##### Data section #####

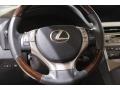 Saddle Tan 2014 Lexus RX 350 Steering Wheel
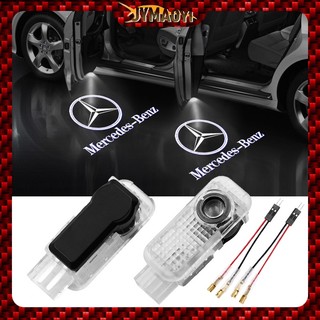 2 Chiếc Cửa Ô Tô Logo Máy Chiếu laser Ánh Sáng HD Chào Mừng Đèn LED Cho Xe Mercedes Benz W211 2003-2007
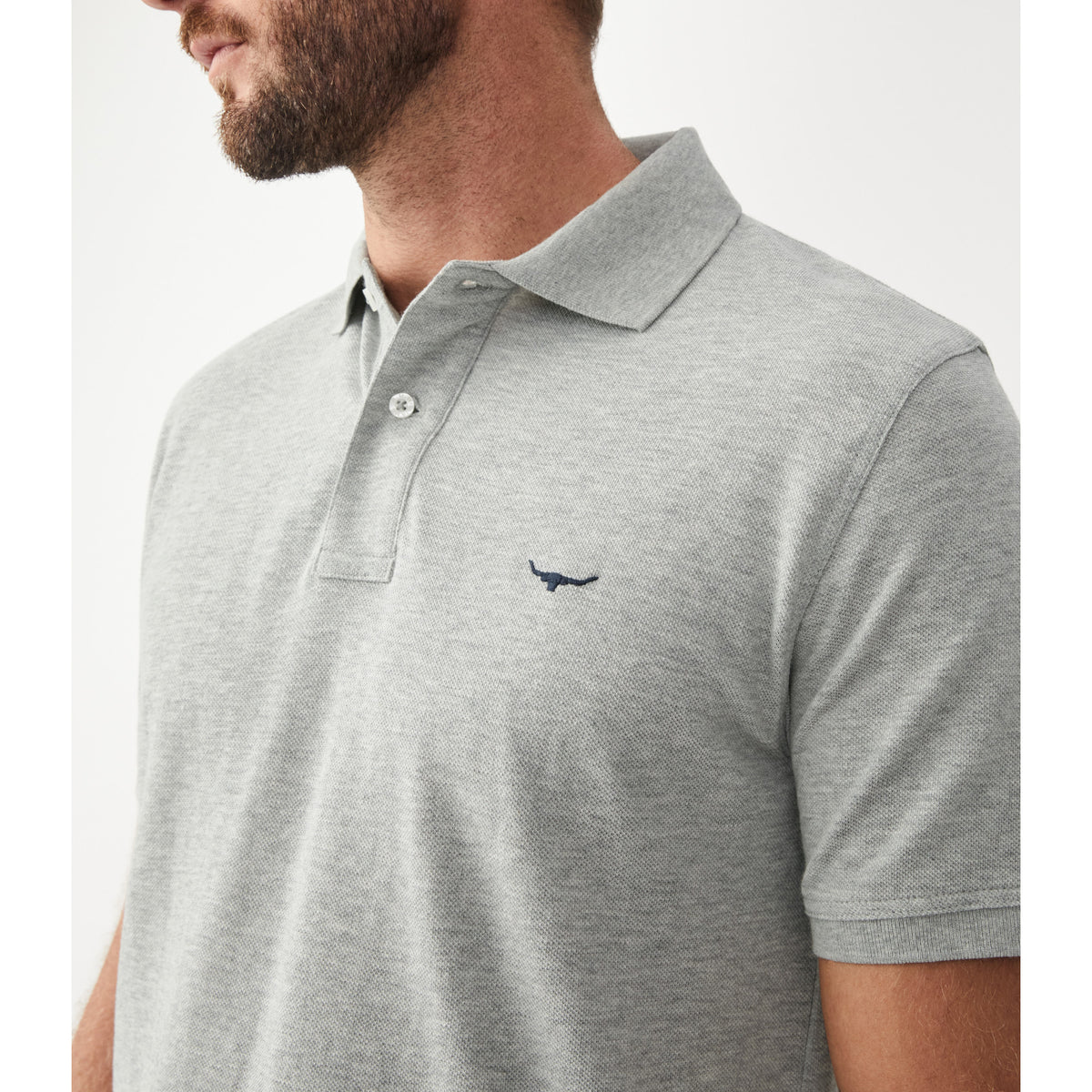 RM Williams Rod Grey Marle Polo Shirt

#####

Task goal
Pictures are to be left out; repeat all the remaining data exactly.

Reply to the exercise
 Saddle Tan 2014 Lexus RX 350 Steering Wheel
 2 Chiếc Cửa Ô Tô Logo Máy Chiếu laser Ánh Sáng HD Chào Mừng Đèn LED Cho Xe Mercedes Benz W211 2003-2007
 RM Williams Rod Grey Marle Polo Shirt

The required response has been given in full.